PORT-AU-PRINCE, jeudi 20 juin 2024 – Les récentes déclarations de Germine “Yonyon” Joly, ancien membre du gang notoire “400 Mawozo”, ont suscité une onde de choc en Haïti. Dans une lettre adressée au juge avant sa condamnation, Joly a exposé des allégations accablantes de corruption impliquant des figures éminentes du système judiciaire et politique haïtien. Au cœur de ces révélations se trouve Jean Renel Sénatus, ancien commissaire du gouvernement au parquet de Port-au-Prince et ex-sénateur.
Joly affirme qu’en 2014, Jean Renel Sénatus aurait fourni dix armes à feu à son associé Abraham, qui les aurait ensuite partagées avec lui. Selon Joly, Sénatus aurait justifié cet acte par la nécessité de sécuriser son élection. Toutefois, Joly déclare avoir refusé de soutenir Sénatus, rapportant que ce dernier, avec l’aide d’Abraham, aurait par la suite comploté pour le faire disparaître ou l’emprisonner.
Dans sa lettre, Joly décrit également les conditions inhumaines de sa détention, évoquant des passages à tabac quotidiens et des tentatives d’assassinat. Il révèle avoir été contraint de verser des sommes importantes à divers avocats et responsables judiciaires, notamment 5 000 dollars américains à Lemoine Gelin, Commissaire du Gouvernement de Mirebalais, et 7 000 dollars à l’avocat Thelusma. Joly détaille aussi ses interactions avec le juge Djimmy Dubé, qui aurait exigé 20 000 dollars pour garantir sa libération, montant finalement négocié à 10 000 dollars.
Contacté par la rédaction de RHINEWS, Jean Renel Sénatus a minimisé les déclarations de Joly, qualifiant ses accusations d’« écrit vague sans sens ». Il a rappelé son rôle dans l’arrestation de Joly, orchestrée par lui-même et son équipe en collaboration avec Normil Rameau, et s’est opposé à toute tentative de libération de Joly.
Sénatus a rejeté toutes les accusations, affirmant que Joly utilise ces allégations pour se disculper : « C’est un écrit vague sans sens. Je ne veux pas répondre à un repris de justice que moi-même, mon équipe et Normil Rameau avions arrêté. Un voyou qui devait avoir sa libération en 2018, au prix de 15 000 USD que son gang aurait décaissés à cette fin, libération à laquelle je m’étais brutalement opposé.
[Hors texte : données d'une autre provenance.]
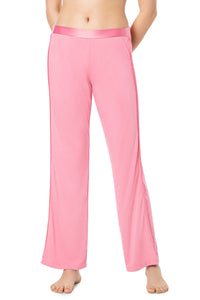 Satin Edge Pyjama Bottom - Cashmere Rose thumbnail 1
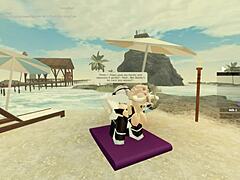 Intense Anal and Missionary in Roblox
Lors du kidnapping de prêtres catholiques, Jovenel avait voulu libérer Joly en échange de l’élargissement des prêtres, ce qui a été encore heurté à la résistance. Pourquoi répondre à ce voyou qui choisit un nom pour essayer de se disculper ? »
Les révélations de Joly, bien que démenties par Sénatus, mettent en lumière des allégations graves de corruption et de malversations au sein du système judiciaire et politique haïtien. Joly accuse plusieurs figures du système judiciaire d’avoir dilapidé les fonds versés pour sa défense. Il mentionne un conflit entre son ancien avocat ‘‘Rebert Cherie’’ et d’autres avocats, qui aurait conduit à une divulgation compromettante concernant des pots-de-vin destinés au juge Dubé. Selon Joly, cette corruption systémique empêche toute forme de véritable justice en Haïti.
Les déclarations de Germine ‘‘Yonyon’’ Joly et la réaction de Jean Renel Sénatus soulignent les tensions profondes et les accusations de corruption qui affligent le système judiciaire et politique haïtien. Ces révélations, si elles sont avérées, indiquent la nécessité d’une réforme profonde et d’une vigilance accrue pour restaurer la justice et la sécurité en Haïti. Alors que les accusations continuent de faire surface, la vérité reste à établir, et les enjeux pour l’avenir de la justice en Haïti n’ont jamais été aussi élevés.
Bien que Joly, qui a plaidé coupable pour une douzaine de chefs d’accusation liés au trafic d’armes et au blanchiment d’argent impliquant l’enlèvement de citoyens américains, reconnaisse avoir eu connaissance de “ces actions abominables perpétrées sur la population” depuis 2011, il ne fait aucun lien avec la liste des crimes dont lui et son gang 400 Mawozo sont accusés : prises d’otages, pillages et massacres.
En mai 2022, Joly, l’un des chefs de gang les plus notoires du pays, a été extradé des autorités américaines pour être jugé devant un tribunal fédéral à Washington pour plus de quatre douzaines de chefs d’accusation de trafic d’armes. Il est également confronté à un procès distinct pour l’enlèvement de missionnaires americains.